Written by Tim Pelan. Photo credit: Bob Penn & George Whitear © Universal Pictures, Dino De Laurentiis Company, Edward R. Pressman Film

 

By Tim Pelan

 
The Frankenstein’s monster that is Justice League, the Warner Bros/DC superhero team-up film that has critics and audiences comparing notes on who shot/wrote what, Zack Snyder or Joss Whedon, calls to mind somewhat the mixed bag that is 1982’s Conan the Barbarian. Oliver Stone originally took a crack at writing it, meeting with intended and final star Arnold Schwarzenegger, hoping to direct him (he had the Austrian oak read to him from the Conan comics to get a feel for the atmosphere and dialogue), and although John Milius took over both chores for producers Dino and Raffaella De Laurentiis, the finished film has Stone’s imprint all over it. Critic and Stone biographer/essayist Matt Zoller Seitz suggests there is (to Stone’s apparent discomfort) a semi-autobiographical element to it, of the orphaned slave turned gladiator, thief, mercenary, avenging barbarian and lover, and finally, hinted at future king. “The more you know about Stone’s own biography,” Seitz opines, “[such as] his emotional estrangement from his parents, his self-reinvention in the brothels and killing fields of Southeast Asia, his fondness for stories about both real and fictional adventurers, including Alexander the Great and Joseph Conrad’s Lord Jim—the more Conan seems like an exuberant and perverse autobiography.” Milius is a martially minded philosopher poet also. “Ultimately Conan is John’s movie,” Stone told Seitz, with perhaps a degree of modesty or disappointment at Milius’ necessarily cut-down version (Stone’s vision was vastly ambitious and effects reliant). “He’s such a wonderful, Macedonian character. ‘Oliver! Come in! I just wrote something; I want you to hear it!’ And then he’d read some section he was working on, read it to me like it was Apocalypse Now, like it was just the greatest thing ever! ‘Whaddya think? Isn’t it great? We got it! By Crom, we got it!’”

“It took me four months to write Conan,” Stone recalled elsewhere, and recounted in The Conan Completist. “I had been hired to write the first draft. Paramount and Edward R. Pressman had told me to go ahead without restraining myself. I was expecting they would ask for a more digest, second draft. But I never had the chance to write it: Paramount canceled the project. [To write the script] I read each book, each comic book. Robert E. Howard… wrote all these great stories, originally in pulp magazines. He had a great gift for this perverted mythos of darkness and death, raging and mad Wagnerian mentality. [John Milius said that my script was a ‘feverish dream under acid’] but it is exactly what the film should have been! It is what arises from the work of Howard. What Edgar Rice Burroughs had made a success of with Tarzan, Howard renewed with Conan, who is a kind of post-modern Tarzan, less noble but more mischievous.”

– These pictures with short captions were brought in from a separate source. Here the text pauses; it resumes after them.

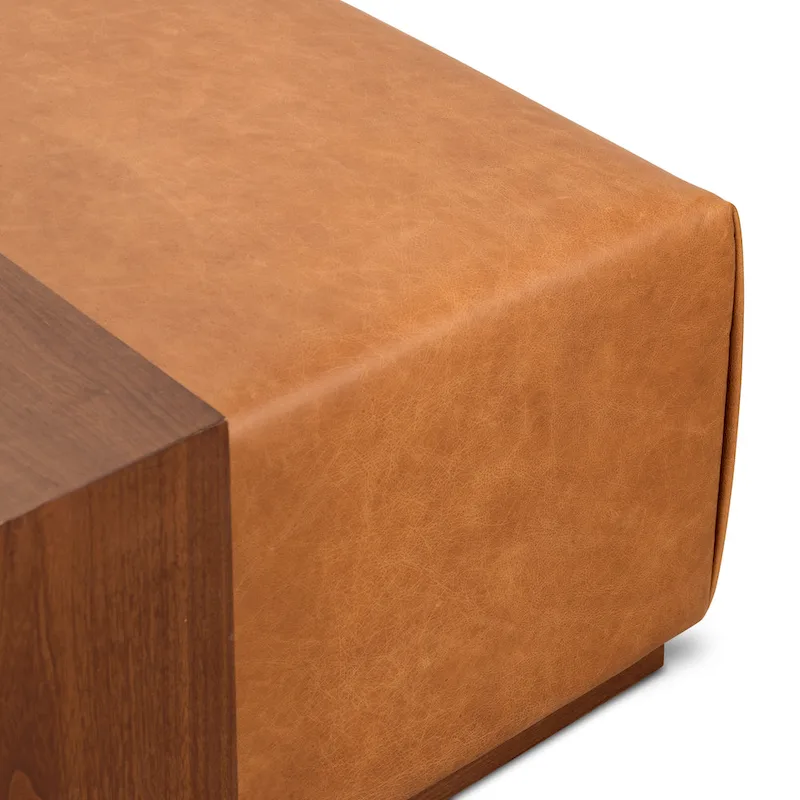 Poly & Bark Jarmo Ottoman with Adjustable Walnut Table - Full Grain Genuine Italian Leather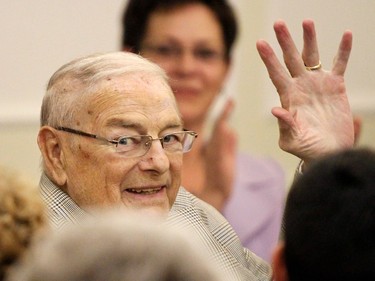 May 9, 2012 -- Former Premier Don Getty waves during his introduction in a ceremony to mark the notable contributions made by the partners of Alberta's premiers in the development of our province over the past 107 years.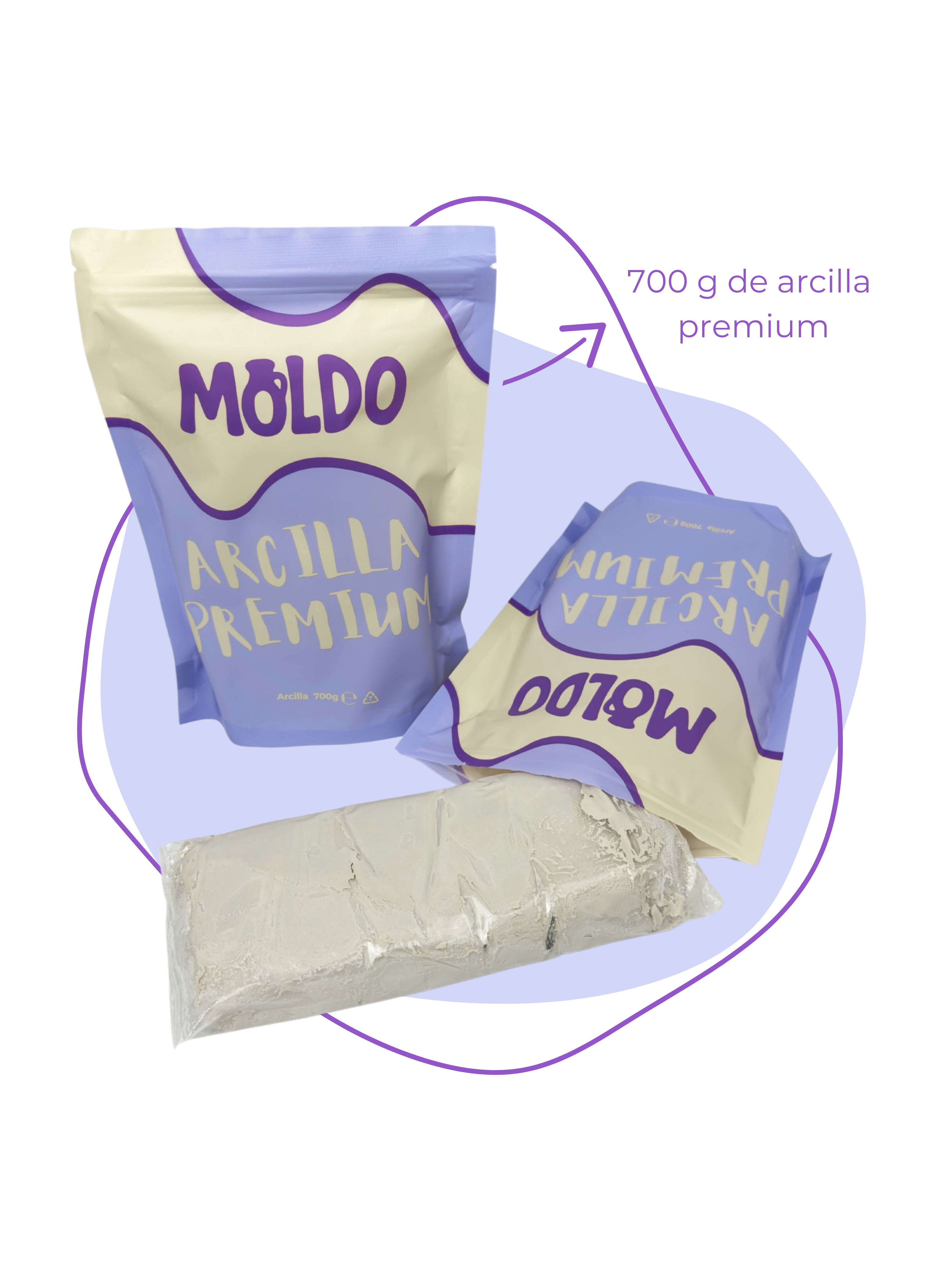 700 g de Arcilla Blanca Premium MOLDO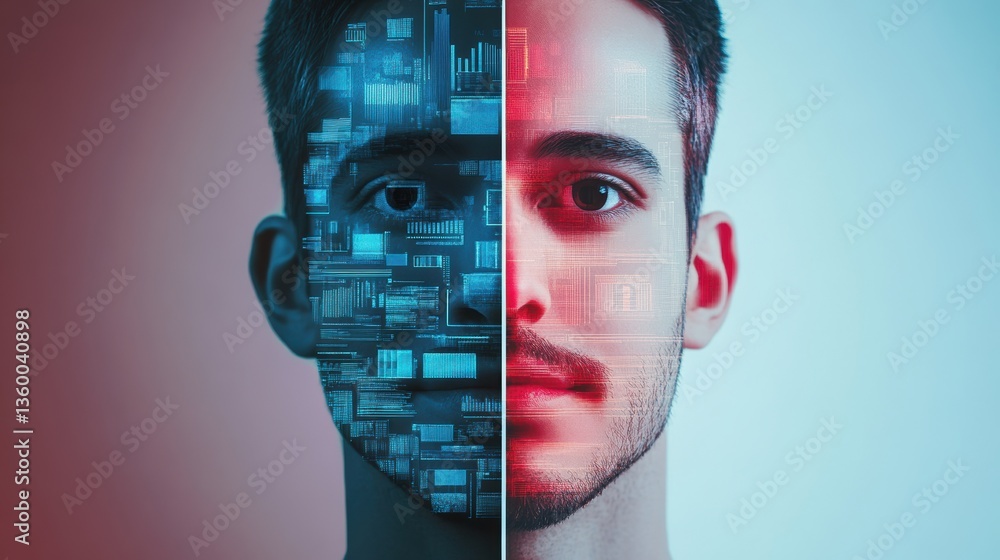Aufkleber a split-faced image showing a human on one side and digital patterns on the other, symbolizing the b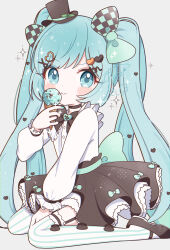  1girl absurdres aobahosino back_bow black_bow black_bowtie black_hat blue_eyes blue_hair blush bow bowtie brown_shoes brown_skirt buttons checkered_bow checkered_clothes closed_mouth commentary_request dot_nose food frilled_skirt frilled_thighhighs frills full_body garter_straps green_bow hair_bow hair_ornament hat hatsune_miku heart heart_hair_ornament highres holding holding_food holding_ice_cream ice_cream long_hair long_sleeves looking_at_viewer mini_hat mini_top_hat mint_chocolate shirt shoes simple_background sitting skirt solo striped_clothes striped_thighhighs thigh-highs top_hat twintails vertical-striped_clothes vertical-striped_thighhighs very_long_hair vocaloid white_background white_shirt white_thighhighs x_hair_ornament 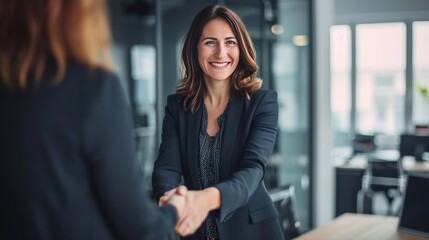 Happy mid aged business woman manager handshaking greeting client in office. Smiling female executive making successful deal with partner shaking hand at work standing at meeting table.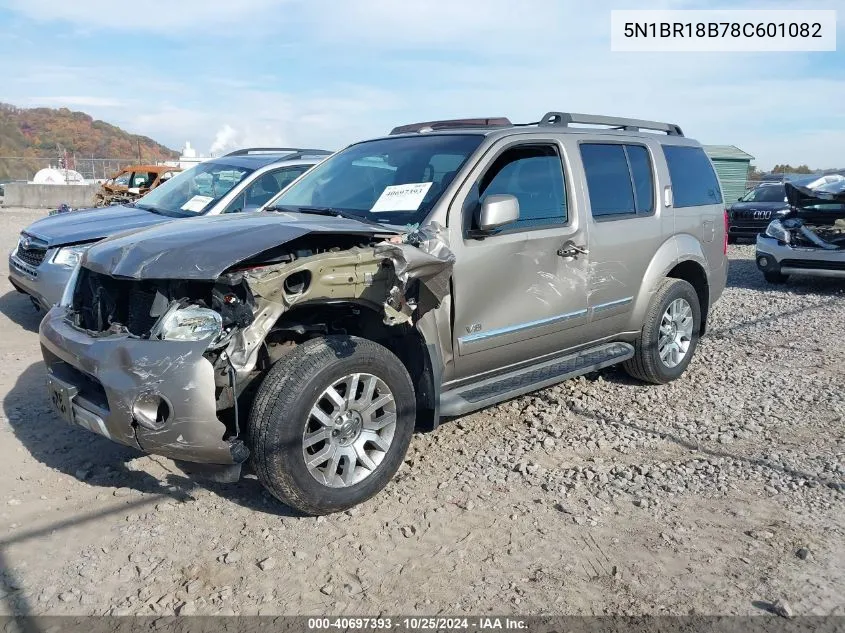 2008 Nissan Pathfinder Le V8 VIN: 5N1BR18B78C601082 Lot: 40697393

Conan is the classical story by excellence. I very much liked the idea that he had been a slave, had suffered and managed to rise. What is great in Howard’s novels is that Conan passes from the stage of peasant to that of a king. A young peasant gains his royalty through a series of tests and marries… In my script, which concentrates several stories of Howard, Conan saves the life of one princess. At the end of the film, after having reconquered her throne thanks to his assistance, she offers her hand in marriage to him so that he becomes king. But Conan refuses this honor. He tells her: ‘I can’t be a king this way, as your husband. I can’t inherit the throne. I will earn my throne.’ So, he leaves her, like Charles Bronson or Clint Eastwood at the end of their westerns, with the sunset in the background. And he goes riding off to the second adventure, which was supposed to be the follow-up sequel. If they’d done it my way, they would have had a Bond-type series, 12-13 pictures, which is what I had wanted to do.”

 

So, from the Conan-that-might-have-been to the Conan-that-was. Conan was also very much in Milius’s wheelhouse, and he jumped at the chance to direct it, even though he knew less of the character than Stone, rewriting his post-apocalyptic first draft and setting the story firmly in Howard’s original ancient Hyborian Age, treating it absolutely seriously. Milius infused the character and script with the bushido code of discipline, duty, and honour, and a Nietzschean, operatic appreciation of the concept of the übermensch, with a keenness for life lived in the moment, full of self-reliance, ready to confront peril and defying the gods: “Crom, I have never prayed to you before. I have no tongue for it. No one, not even you, will remember if we were good men or bad. Why we fought, or why we died. All that matters is that two stood against many. That’s what’s important! Valour pleases you, Crom… so grant me one request. Grant me revenge! And if you do not listen, then to hell with you!”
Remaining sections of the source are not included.